The Sunday Leader

Sri Lanka Cannot Pay Says Ministry

By Indika Sri Aravinda

The Petroleum Resources Ministry says it was compelled to rethink a Memorandum of Understanding (MOU) signed with Iran to expand the Sapugaskanda oil refinery owing to lack of funds.
Iran and Sri Lanka inked the MOU in 2008 but Sri Lanka was recently accused of violating the agreement forcing Iran to suspend the project.
The US dollars 1800 million MOU was to see Iran invest 70 percent of the funds for the project while Sri Lanka had to invest the rest.
Under the MOU Sri Lanka had to spend US dollars 525 million and the foundation stone was also laid in 2008 for the expansion project.
When The Sunday Leader contacted Petroleum Resources Ministry Secretary Mrs. Sandya Wijeybandara, she said that Sri Lanka was unable to meet the financial commitments for the project.
She said that it was a huge burden on the economy and as a result the project had to be put on hold. However Petroleum Resources Trade Union Alliance Secretary Ananda Palitha said that one of the reasons Sri Lanka could not meet the financial commitment for the project was because the government had violated the hedging deal and foreign banks subsequently refused to lend Sri Lanka funds.
He added that the government could however have looked at alternatives but was using its funds for other purposes.

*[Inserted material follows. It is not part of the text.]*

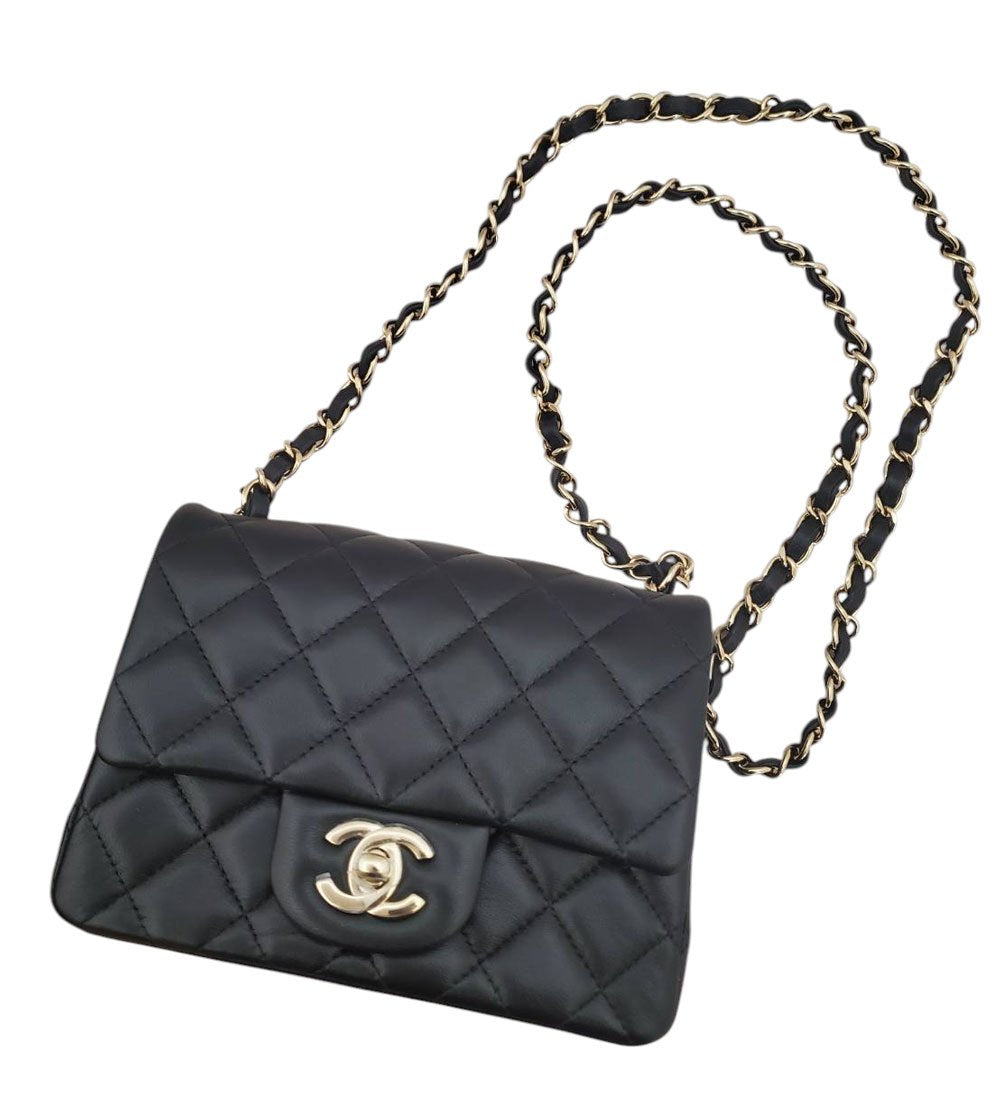 シャネル CHANEL ミニマトラッセ シングルフラップ チェーンショルダー ラムスキン シャンパンゴールド金具 ICタグ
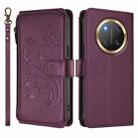 For Honor X9c 5G / Magic7 Lite Butterfly Love Flower Multi-card Zipper Wallet Leather Phone Case(Dark Purple) - 2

3 Comments for “Sri Lanka Cannot Pay Says Ministry”

  1. Rohan

    WOW – we spent hoe many millions on parties, junket travels and such (in the name of Hambantota 2018)?

  2. Sri Lankan citizen

    What about the money spent on bidding for commonwealth games ?

    How many millions are wasted on personal glory and ‘bull’ projects while the priorities are put on hold for ‘huge burden ‘ on the economy !!

    When will the politicians put country before self.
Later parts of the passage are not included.